After a long day of rebuilding corrals, Ochs decided to share her hard-earned cold drink with her overly friendly bull, Zeus, who had pestered them throughout their workday.
“I poured some beer over my steers’ feed and they ate it right up,” she recalls. That got her thinking about how alcohol may change the meat.
She began experimenting with a variety of feed mixtures. While the steers happily consumed grape wine, it wasn’t ideal for overall digestion. Ochs stumbled upon honeymead produced by Hamilton, Montana, based Hidden Legends winery. “I worked with them to get a specially made honeymead base that has less alcohol and more sugar,” she says. “The steers loved it and it worked well.”

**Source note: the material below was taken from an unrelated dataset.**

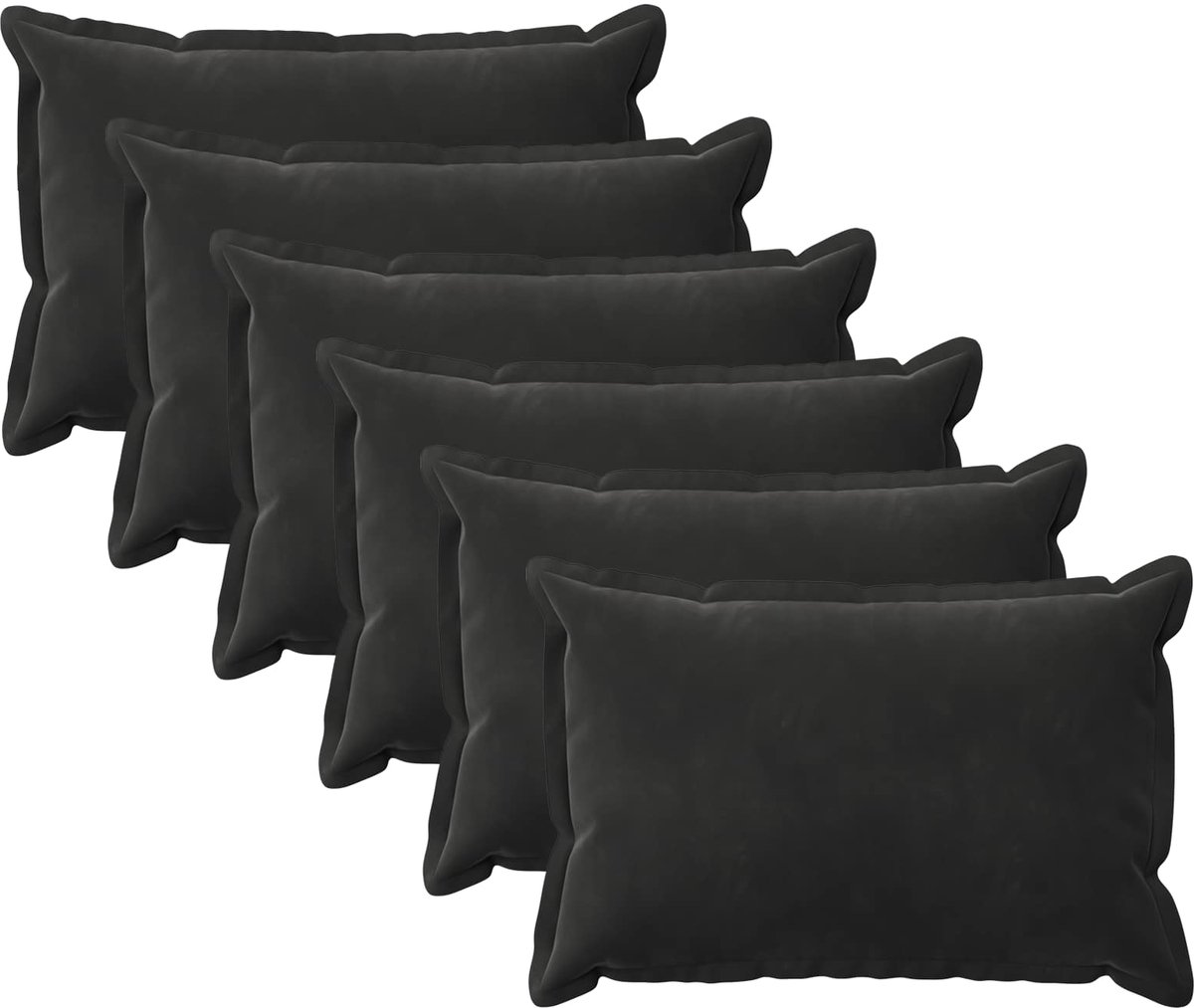 vidaXL Dekenkussen - 6 - st - HOUTEN - Zwart - 30 - x - 50 - cm - fluweel 30 x 50 cm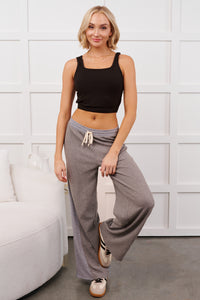 In The Daylight Contrast Tie Waffle Knit Pants (Heather Gray) - NanaMacs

Testing proof. In unchartered territory, Ochs ventured slowly into her wine-fed beef experiment starting with just two steers. “I wanted to see how the wine would impact the texture and flavor of the meat. Would it be sweeter due to having more sugar, that sort of thing,” she says.

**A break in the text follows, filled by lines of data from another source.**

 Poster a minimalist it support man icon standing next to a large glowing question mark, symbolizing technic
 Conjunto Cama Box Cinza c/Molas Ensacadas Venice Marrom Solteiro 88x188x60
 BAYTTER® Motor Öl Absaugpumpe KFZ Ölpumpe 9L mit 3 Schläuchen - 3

Wine was slowly added to the rations, building to a half bottle morning and night for each steer. “I had to split it up because you can get a steer drunk,” Ochs says she discovered.
Upon harvest, Ochs found the resulting meat had a unique sweetness and was more tender than her conventionally raised meat. But it also had a very high fat content. “Once we got over 1,100 pounds we were just adding fat to the carcass due to all the sugar. I wanted marbling, but not that much fat,” she says. Consulting with a nutritionist, she decided to keep steers below 1,100 pounds. “This makes a smaller steak, but it’s a gourmet product so we don’t have to go as big.”
A new flavor. The second round she fed wine for around 4 months as compared to 7 months. The cattle finished fine and with less fat than her earlier try. She began selling the product direct to customers at a premium price, while still providing regular beef product to customers.
“The meat is juicy, tender, and sweet,” Ochs says. It’s like wine, some people can taste the difference, others can’t. Either way, it’s a quality steak. “Proper cooking is critical to get the most flavor from the steak. I use little seasoning. Medium rare or rare is best because honeymead tenderizes the meat naturally.”
Julia Doney can taste the difference. “I’m a foodie and like to feed my family and guests food that’s worth it,” she says. “This is so different. It’s lean, but with a big burst of flavor. I love using it for special occasions.”
Ochs continues to experiment with breed, feed, and more as she develops the niche she stumbled into.